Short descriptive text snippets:
▬▬▬▬▬▬▬▬▬▬

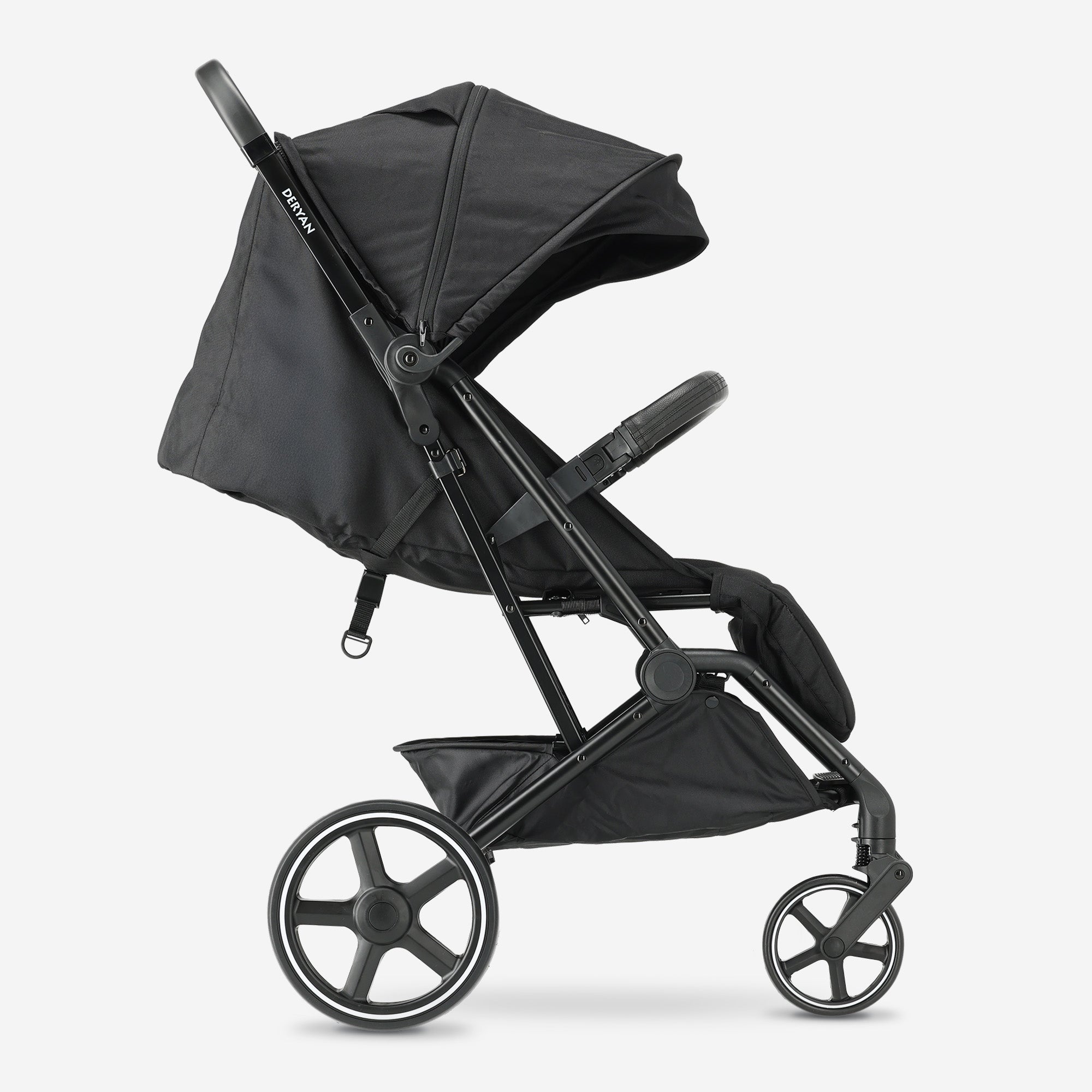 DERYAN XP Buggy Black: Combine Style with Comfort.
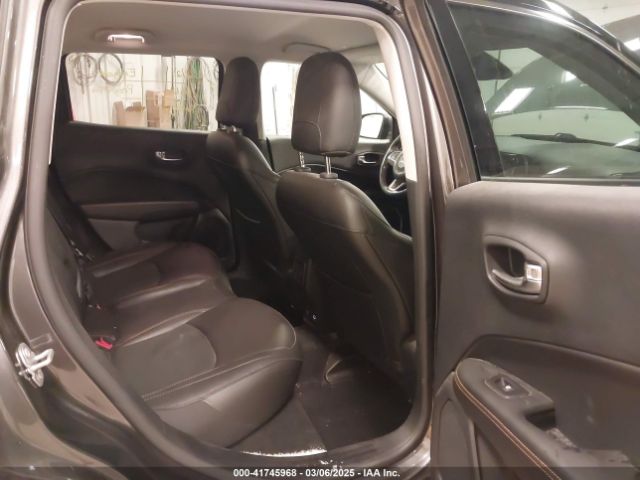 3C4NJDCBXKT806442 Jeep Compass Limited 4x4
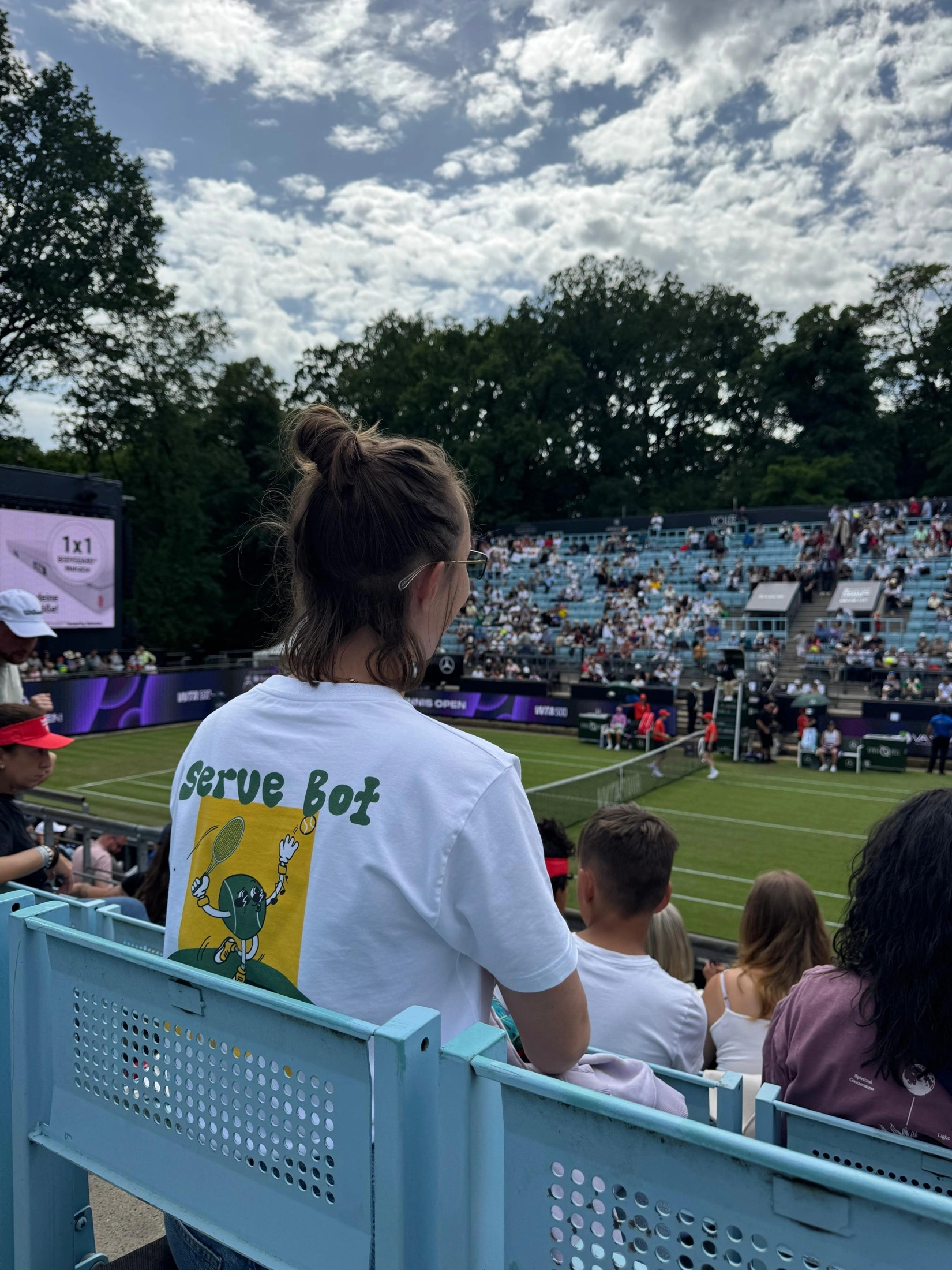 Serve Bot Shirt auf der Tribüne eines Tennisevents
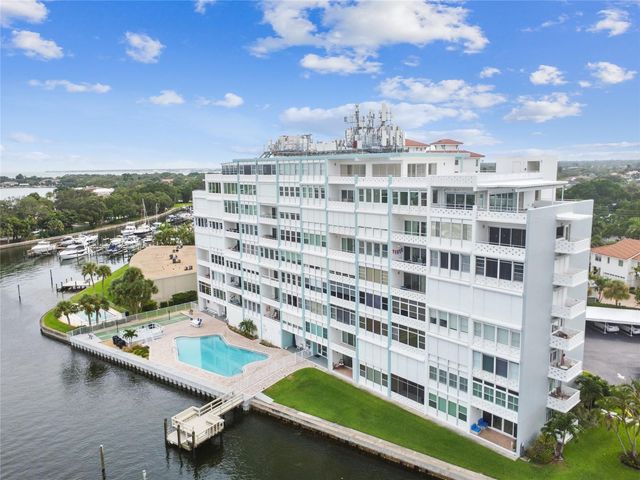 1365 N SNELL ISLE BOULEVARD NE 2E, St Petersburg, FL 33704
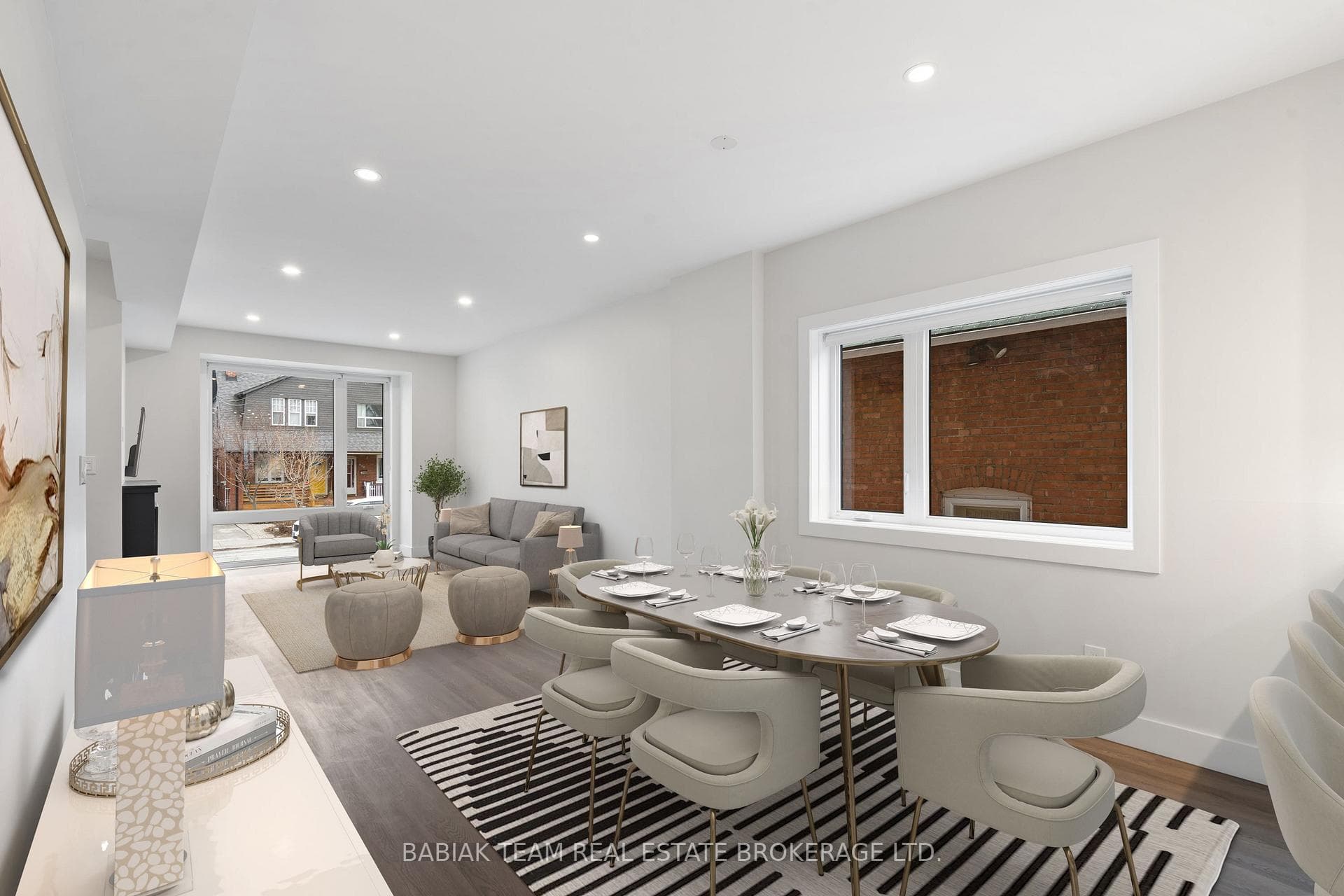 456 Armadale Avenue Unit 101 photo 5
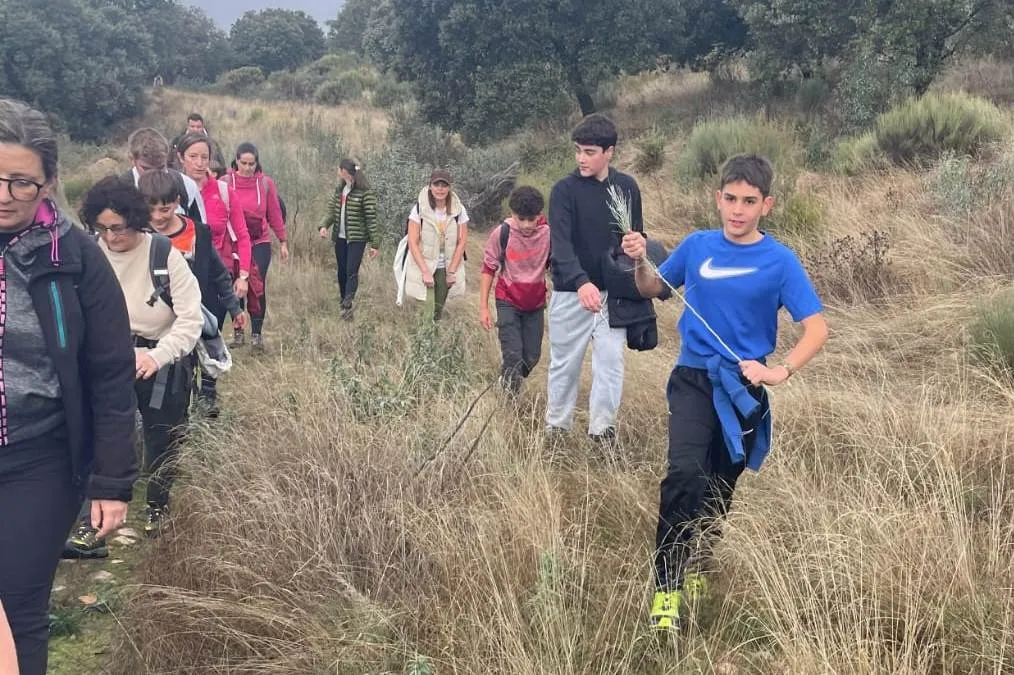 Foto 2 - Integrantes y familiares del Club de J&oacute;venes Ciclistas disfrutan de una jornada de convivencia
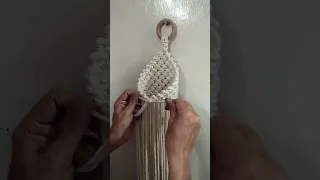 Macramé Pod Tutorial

▬▬▬▬▬▬▬▬▬▬

Task to complete
Nothing in the entries above should change when they are printed again, except that the pictures are dropped.

Finished exercise
 DERYAN XP Buggy Black: Combine Style with Comfort.
 3C4NJDCBXKT806442 Jeep Compass Limited 4x4
 Serve Bot Shirt auf der Tribüne eines Tennisevents
 1365 N SNELL ISLE BOULEVARD NE 2E, St Petersburg, FL 33704
 456 Armadale Avenue Unit 101 photo 5
 Foto 2 - Integrantes y familiares del Club de J&oacute;venes Ciclistas disfrutan de una jornada de convivencia
 Macramé Pod Tutorial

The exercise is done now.